• DATA BLOCK
Start of Block

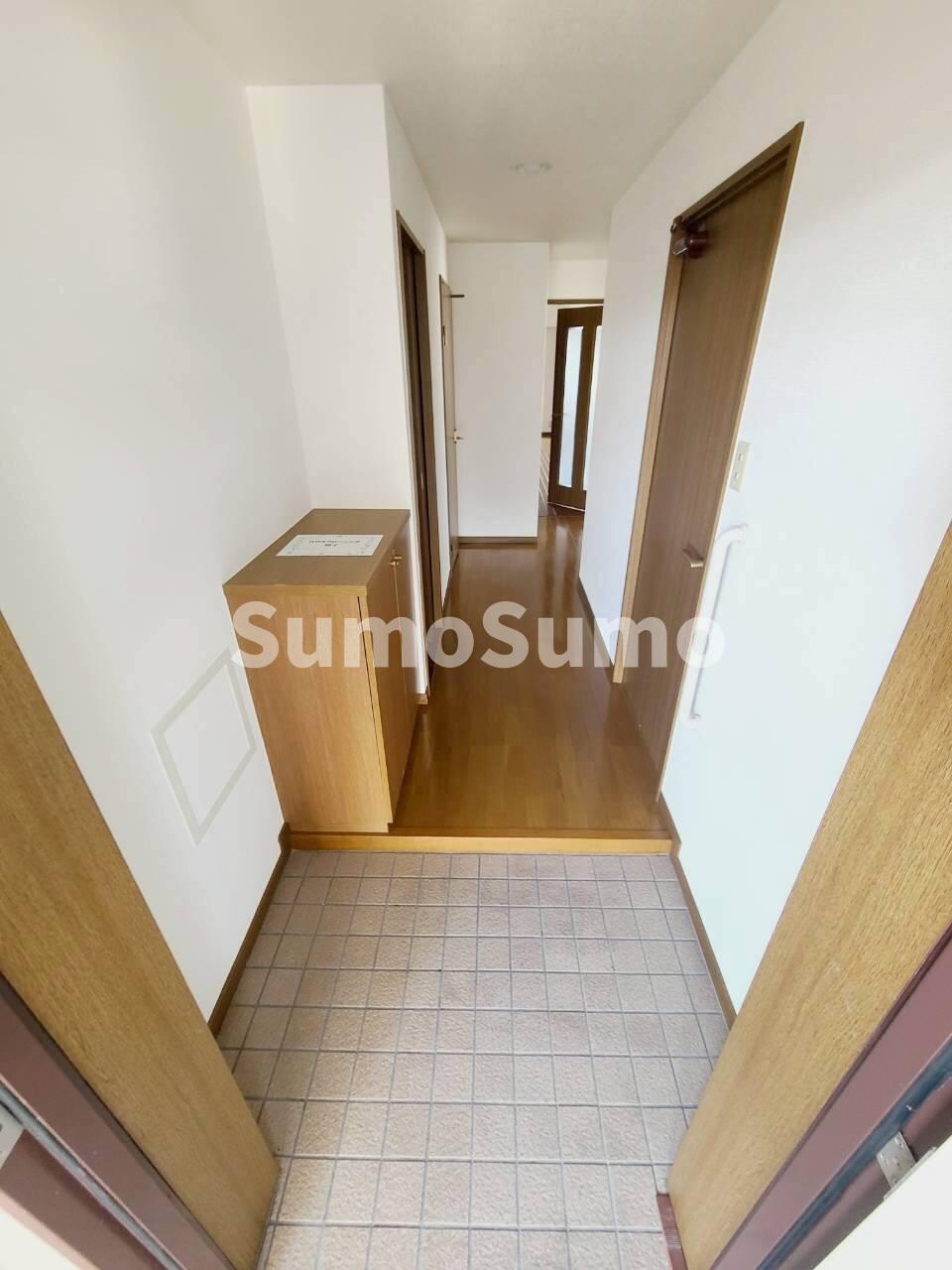 門戸厄神駅 徒歩5分 5階の物件内観写真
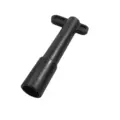 M15 Hex Wrench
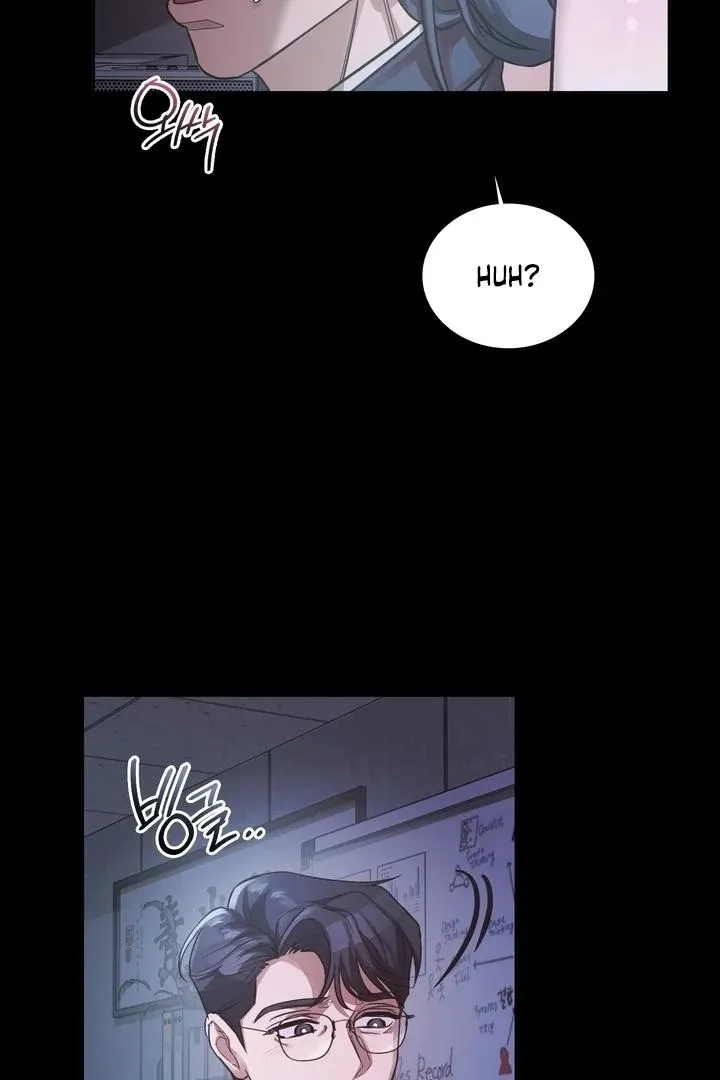 A female college student who provides services Chapter 1 page 5 -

End of Block

• WORK INSTRUCTIONS
What you return must match the data above exactly, with no images included.

• SOLUTION
 門戸厄神駅 徒歩5分 5階の物件内観写真
 M15 Hex Wrench
 A female college student who provides services Chapter 1 page 5 -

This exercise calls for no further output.